=== Data to process ===

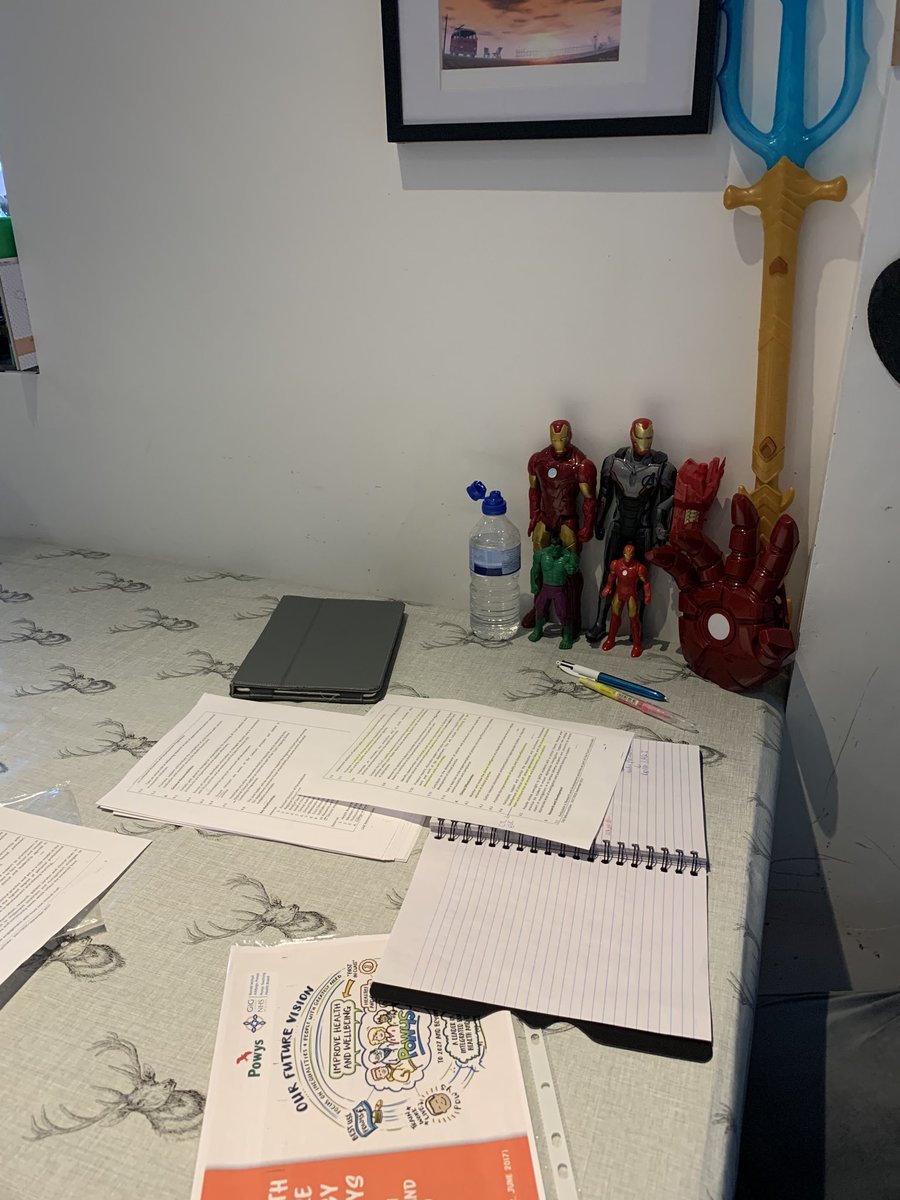 dawnjones6328's tweet photo. And so it begins...... interview prep supervised by superheroes #lifewithkids #ivegotthis #HBCL https://t.co/t4sNaN1RT3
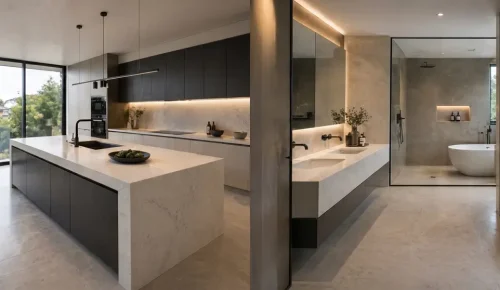 Modern home interior showing quartz kitchen island countertop and floating bathroom vanity countertop in a contemporary design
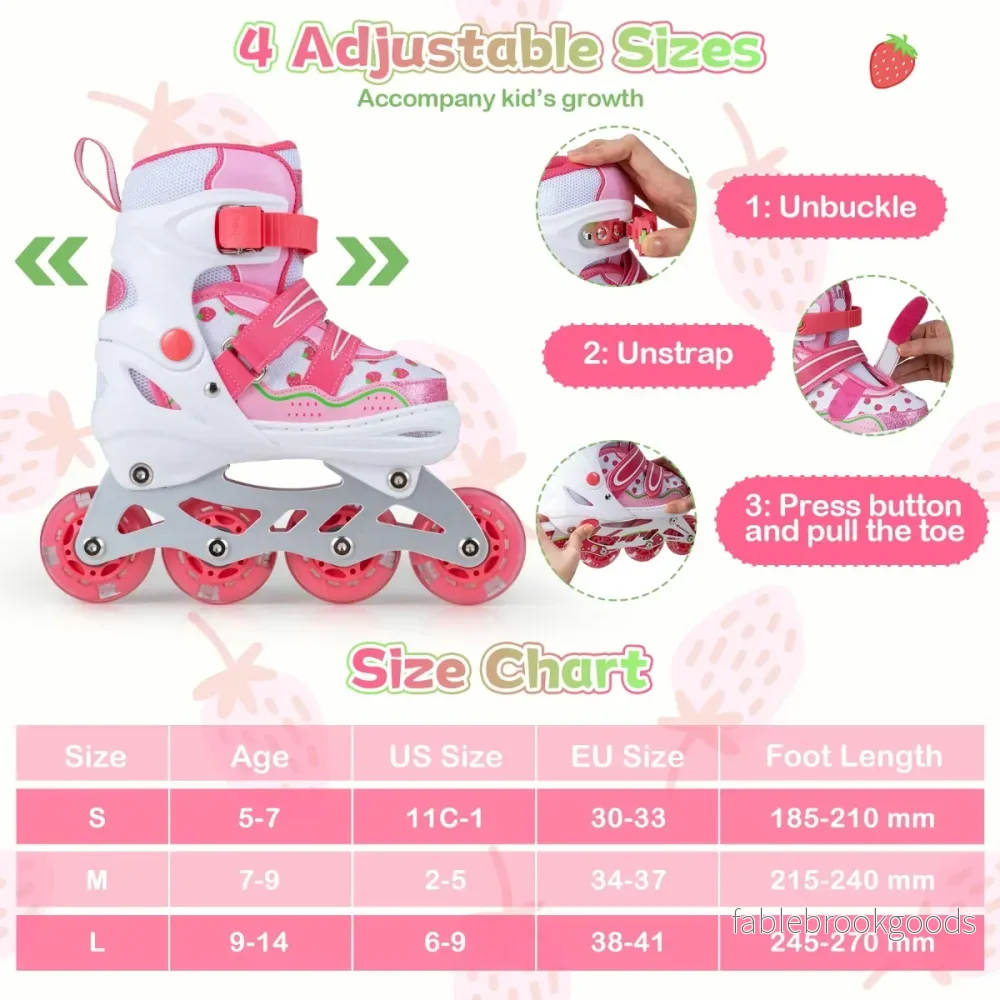 Inline – Skates barn storlekar justerbara med lysande hjul S – 4 – Rosa - Bild 2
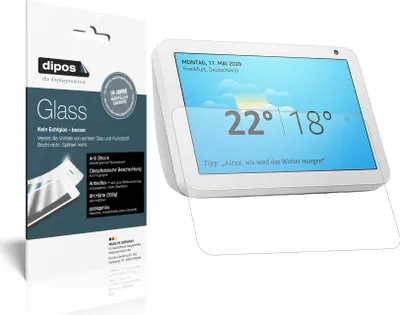 Produktbild von 1x Schutzfolie für Amazon Echo Show 8 matt - Anti-Shock 9H Folie dipos Glass Kunststoffglas
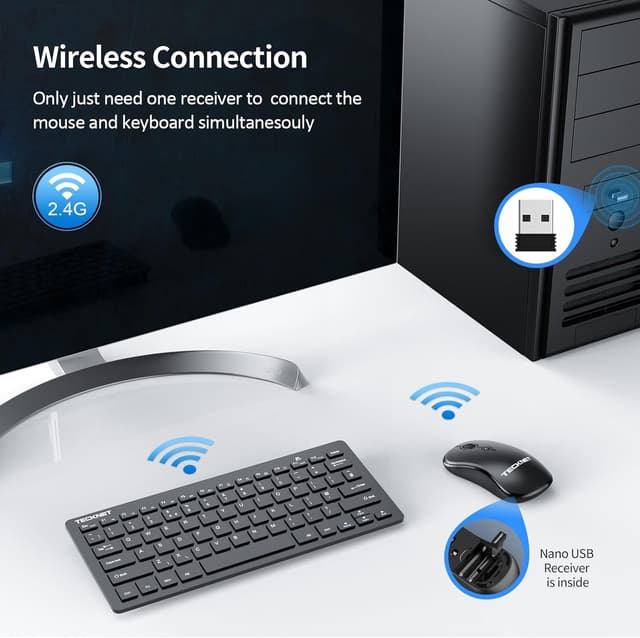 Detalle 2 de TECKNET Mini Wireless Keyboard and Mouse Set 12 Multimedia Shortcuts
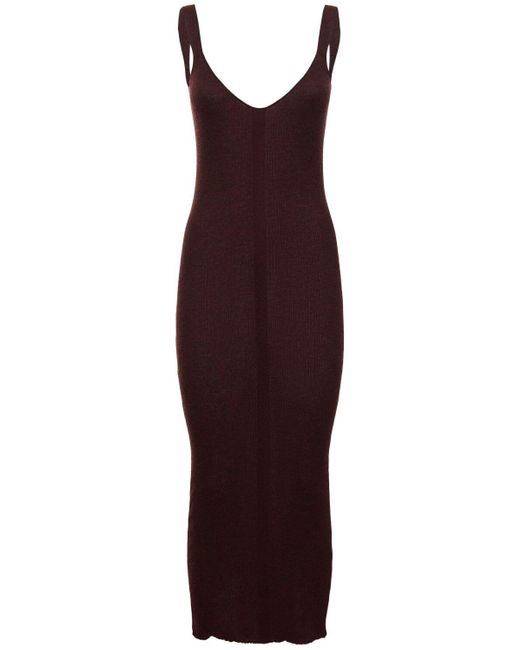 16Arlington Purple Alleno Mohair Blend Knit Midi Dress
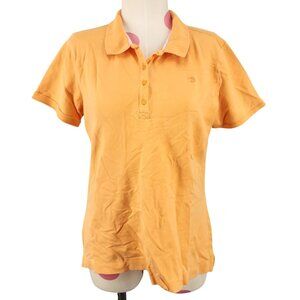 Women's Vintage Y2K Single Stitch Duck Head Polo Orange Shirt Blouse Medium Top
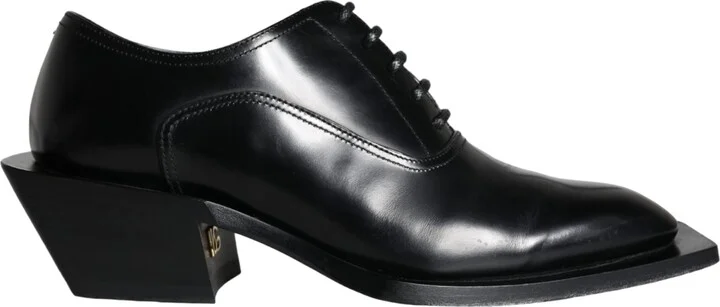 Black Calfskin Leather Derby Dress Men Men's Shoes (Pre-Owned)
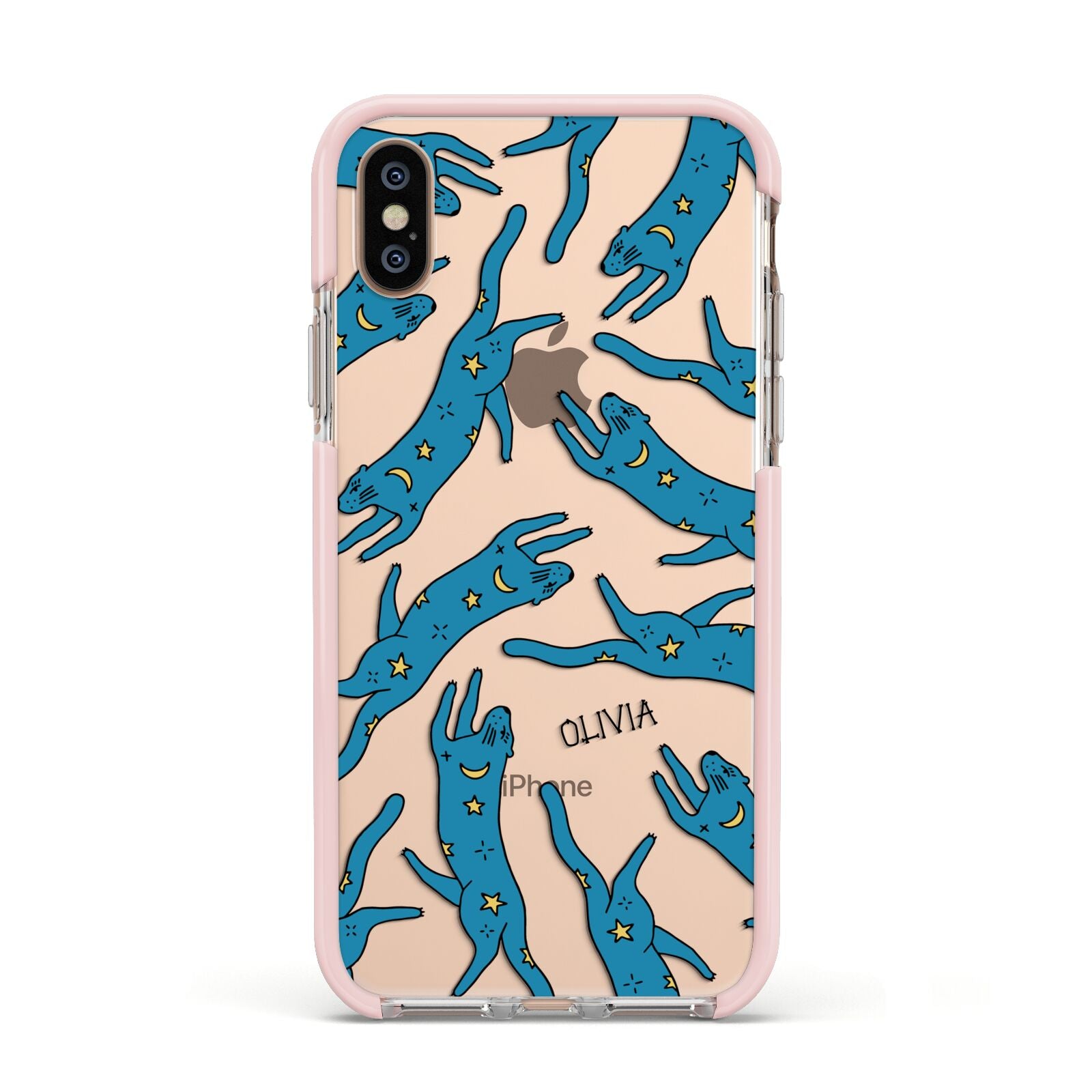 Moon Star Blue Cat Personalised Apple iPhone Xs Impact Case Pink Edge on Gold Phone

===

Task objective: Print the data word for word and omit the pictures.

Task answer:
 dawnjones6328's tweet photo. And so it begins...... interview prep supervised by superheroes #lifewithkids #ivegotthis #HBCL https://t.co/t4sNaN1RT3
 Modern home interior showing quartz kitchen island countertop and floating bathroom vanity countertop in a contemporary design
 Inline – Skates barn storlekar justerbara med lysande hjul S – 4 – Rosa - Bild 2
 Produktbild von 1x Schutzfolie für Amazon Echo Show 8 matt - Anti-Shock 9H Folie dipos Glass Kunststoffglas
 Detalle 2 de TECKNET Mini Wireless Keyboard and Mouse Set 12 Multimedia Shortcuts
 16Arlington Purple Alleno Mohair Blend Knit Midi Dress
 Women's Vintage Y2K Single Stitch Duck Head Polo Orange Shirt Blouse Medium Top
 Black Calfskin Leather Derby Dress Men Men's Shoes (Pre-Owned)
 Moon Star Blue Cat Personalised Apple iPhone Xs Impact Case Pink Edge on Gold Phone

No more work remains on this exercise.